Only the lines from the one containing "Pair of Murano white glass and gold flecke…" to the end of the data should be copied, exactly and without pictures.

### Supplied information
^^^^^^^^

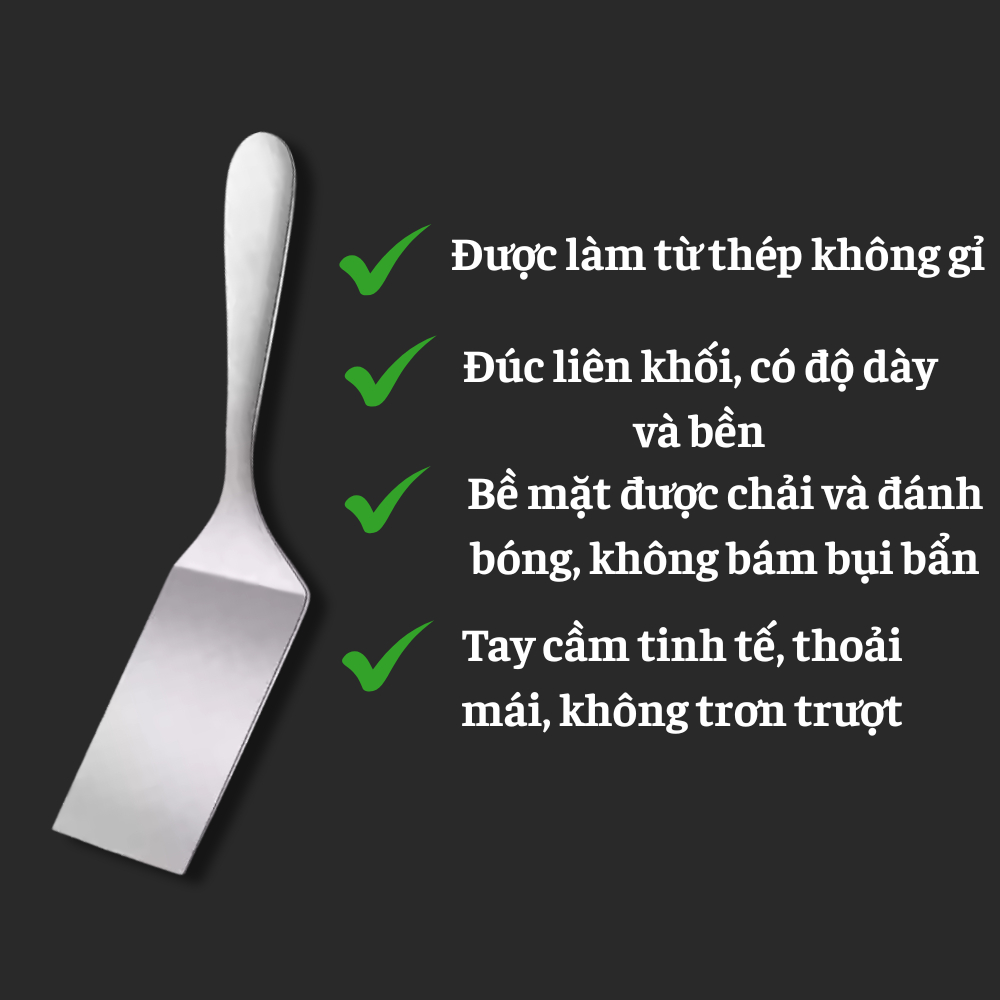 Xẻng Chiên Xào Inox 304 Cao Cấp-Chống Gỉ, Chịu Nhiệt Tốt, Dùng Cho Nhà Bếp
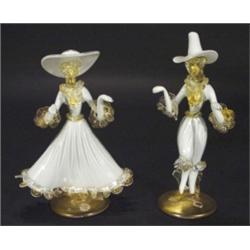 Pair of Murano white glass and gold flecke…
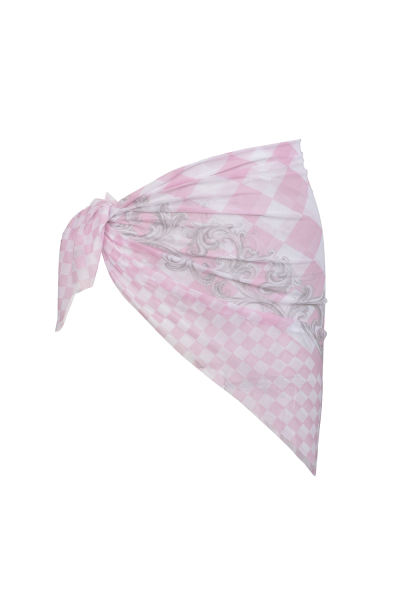 Headscarf, mesh, "Versailles Rose" print, 90х90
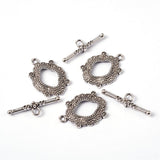 Alloy Toggle Clasps Oval Antique Silver 25x17x3mm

^^^^^^^^

### Answer below
 Pair of Murano white glass and gold flecke…
 Headscarf, mesh, "Versailles Rose" print, 90х90
 Alloy Toggle Clasps Oval Antique Silver 25x17x3mm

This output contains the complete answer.